What to produce: In the listing below, find the line that contains "Aeropostale tide dyed shorts in size 1/2." and the line that contains "Medway House |". Quote both and every line between them, exactly, and nothing more.

Source data:
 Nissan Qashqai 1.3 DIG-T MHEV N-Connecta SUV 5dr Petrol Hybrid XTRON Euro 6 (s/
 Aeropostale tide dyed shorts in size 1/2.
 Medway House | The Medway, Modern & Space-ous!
==
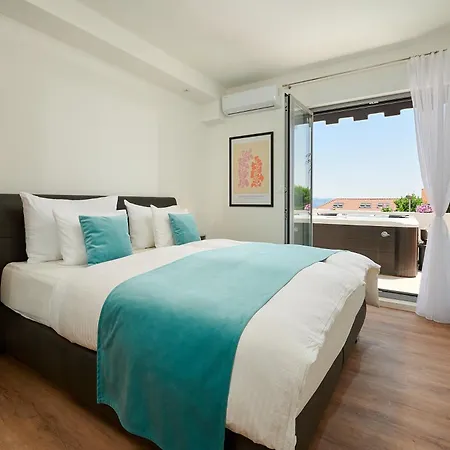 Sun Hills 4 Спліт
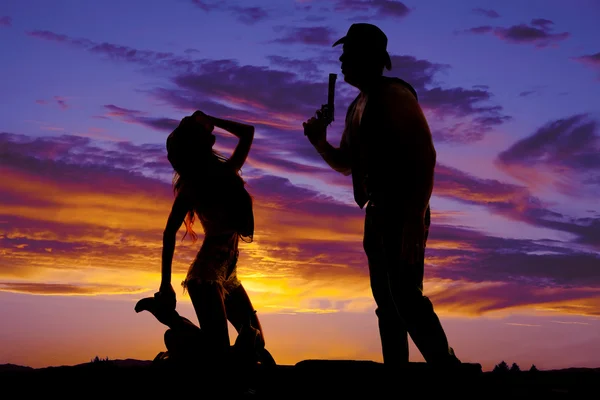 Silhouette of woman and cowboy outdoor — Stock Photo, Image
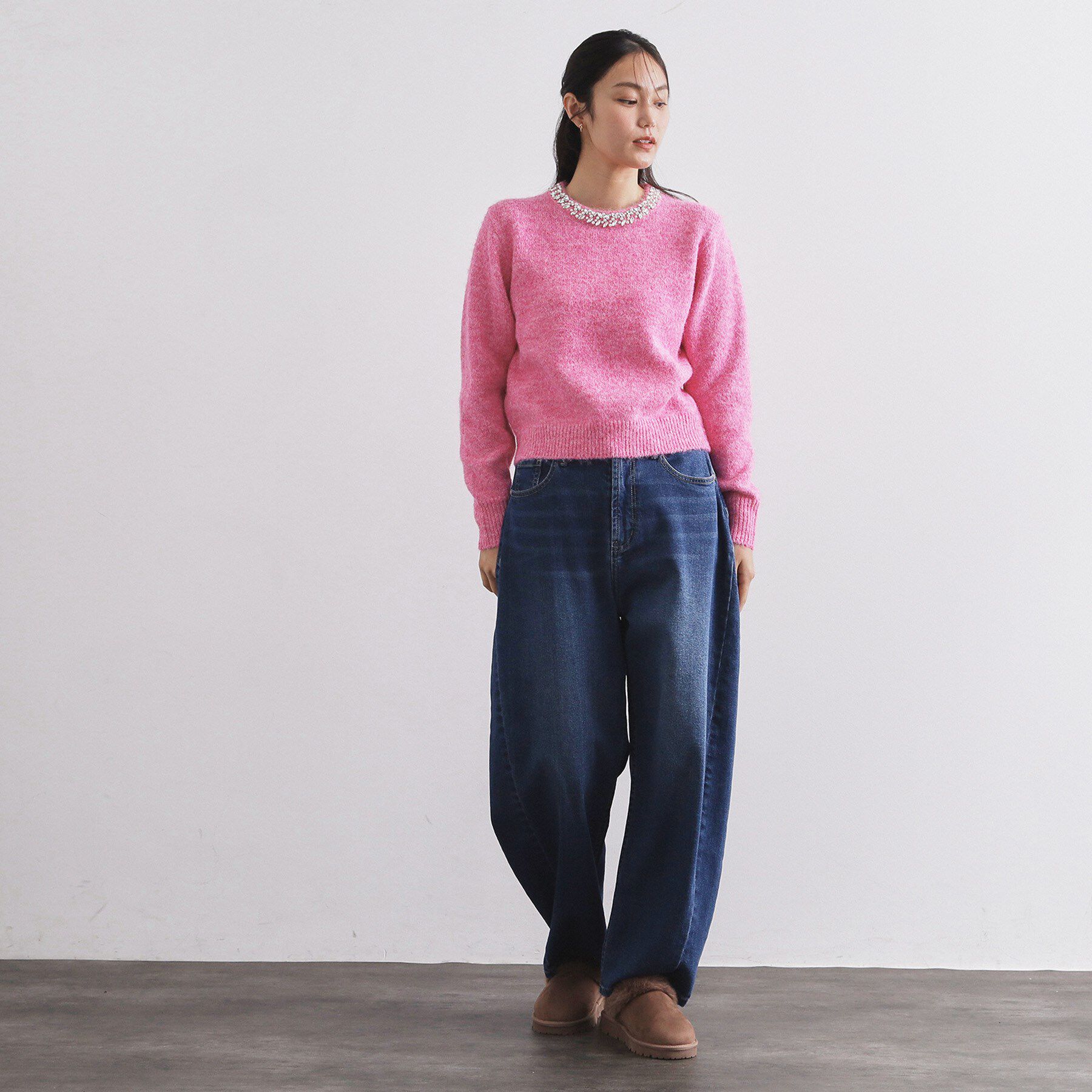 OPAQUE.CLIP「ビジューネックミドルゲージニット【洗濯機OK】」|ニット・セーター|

Final answer:
 Aeropostale tide dyed shorts in size 1/2.
 Medway House | The Medway, Modern & Space-ous!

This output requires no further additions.